╔══
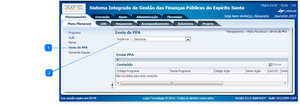 800px-Envio do ppa.png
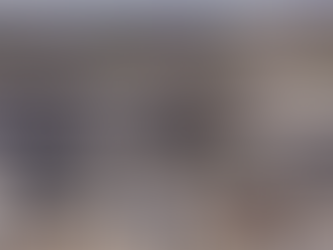 Southampton to London Pipeline Upgrade Completed to Strengthen Fuel Supply and Support SAF Transition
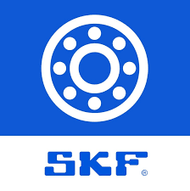 SKF Bearings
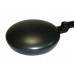 Блинница Redmond Crepe Maker RM 5208 с антипригарным покрытием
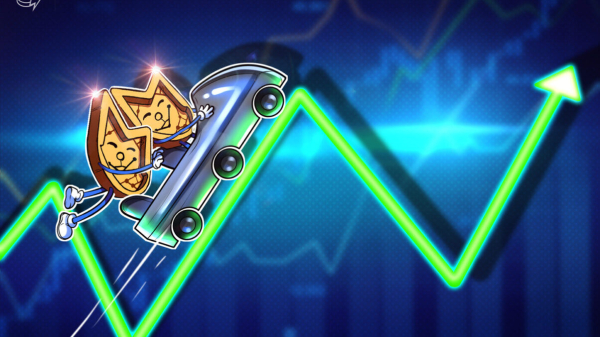 PUMP. FUN Редактирует первое место в Solana Memecoin Launchpads PUMP. FUN Редактирует первое место в Solana Memecoin Launchpads
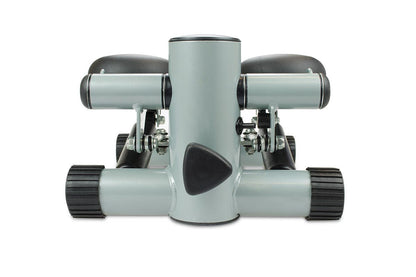 Mini Stepper Exercise Cycle Fitness Lcd Display - The Shopsite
╚══
- Your task -
All lines from the one containing "Southampton to London" to the last line of the records above, and no others, should be returned unchanged, without pictures.

- Result below -
 Southampton to London Pipeline Upgrade Completed to Strengthen Fuel Supply and Support SAF Transition
 SKF Bearings
 Блинница Redmond Crepe Maker RM 5208 с антипригарным покрытием
 PUMP. FUN Редактирует первое место в Solana Memecoin Launchpads PUMP. FUN Редактирует первое место в Solana Memecoin Launchpads
 Mini Stepper Exercise Cycle Fitness Lcd Display - The Shopsite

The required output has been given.